__INFORMATION SHOWN__
◆ ◆ ◆ ◆ ◆ ◆ ◆
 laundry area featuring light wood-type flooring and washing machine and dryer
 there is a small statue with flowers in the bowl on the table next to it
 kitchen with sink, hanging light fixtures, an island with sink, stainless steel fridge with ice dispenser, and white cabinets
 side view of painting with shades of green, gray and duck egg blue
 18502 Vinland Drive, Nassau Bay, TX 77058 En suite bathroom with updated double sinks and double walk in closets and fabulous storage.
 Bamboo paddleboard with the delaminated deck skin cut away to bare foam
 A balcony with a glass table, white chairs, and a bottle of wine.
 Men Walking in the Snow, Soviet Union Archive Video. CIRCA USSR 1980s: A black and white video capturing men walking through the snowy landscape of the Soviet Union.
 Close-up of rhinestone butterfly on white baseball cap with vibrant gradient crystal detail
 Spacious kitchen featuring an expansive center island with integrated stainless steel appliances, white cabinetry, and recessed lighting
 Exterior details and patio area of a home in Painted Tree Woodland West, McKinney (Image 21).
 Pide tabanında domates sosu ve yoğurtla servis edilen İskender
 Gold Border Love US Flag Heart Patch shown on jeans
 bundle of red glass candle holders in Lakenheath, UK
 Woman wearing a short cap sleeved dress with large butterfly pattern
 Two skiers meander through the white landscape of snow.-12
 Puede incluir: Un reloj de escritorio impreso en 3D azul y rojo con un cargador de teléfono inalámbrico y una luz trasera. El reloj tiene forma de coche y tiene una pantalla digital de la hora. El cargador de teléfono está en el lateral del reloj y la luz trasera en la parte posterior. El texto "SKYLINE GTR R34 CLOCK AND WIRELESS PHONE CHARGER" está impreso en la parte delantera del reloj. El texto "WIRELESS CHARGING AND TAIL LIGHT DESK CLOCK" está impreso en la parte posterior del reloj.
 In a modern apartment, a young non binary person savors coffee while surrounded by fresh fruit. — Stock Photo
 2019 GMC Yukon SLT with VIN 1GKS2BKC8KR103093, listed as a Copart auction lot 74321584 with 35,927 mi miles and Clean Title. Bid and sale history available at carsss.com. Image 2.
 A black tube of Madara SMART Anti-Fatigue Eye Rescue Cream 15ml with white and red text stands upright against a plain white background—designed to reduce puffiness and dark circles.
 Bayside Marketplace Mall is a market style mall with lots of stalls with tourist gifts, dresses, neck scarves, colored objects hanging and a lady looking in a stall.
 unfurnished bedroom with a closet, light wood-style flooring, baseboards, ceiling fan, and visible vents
◆ ◆ ◆ ◆ ◆ ◆ ◆
__INSTRUCTIONS FOR THE TASK__
Copy the records above exactly, please, but only from the first line through the line containing "bundle of red".

__YOUR SOLUTION__
 laundry area featuring light wood-type flooring and washing machine and dryer
 there is a small statue with flowers in the bowl on the table next to it
 kitchen with sink, hanging light fixtures, an island with sink, stainless steel fridge with ice dispenser, and white cabinets
 side view of painting with shades of green, gray and duck egg blue
 18502 Vinland Drive, Nassau Bay, TX 77058 En suite bathroom with updated double sinks and double walk in closets and fabulous storage.
 Bamboo paddleboard with the delaminated deck skin cut away to bare foam
 A balcony with a glass table, white chairs, and a bottle of wine.
 Men Walking in the Snow, Soviet Union Archive Video. CIRCA USSR 1980s: A black and white video capturing men walking through the snowy landscape of the Soviet Union.
 Close-up of rhinestone butterfly on white baseball cap with vibrant gradient crystal detail
 Spacious kitchen featuring an expansive center island with integrated stainless steel appliances, white cabinetry, and recessed lighting
 Exterior details and patio area of a home in Painted Tree Woodland West, McKinney (Image 21).
 Pide tabanında domates sosu ve yoğurtla servis edilen İskender
 Gold Border Love US Flag Heart Patch shown on jeans
 bundle of red glass candle holders in Lakenheath, UK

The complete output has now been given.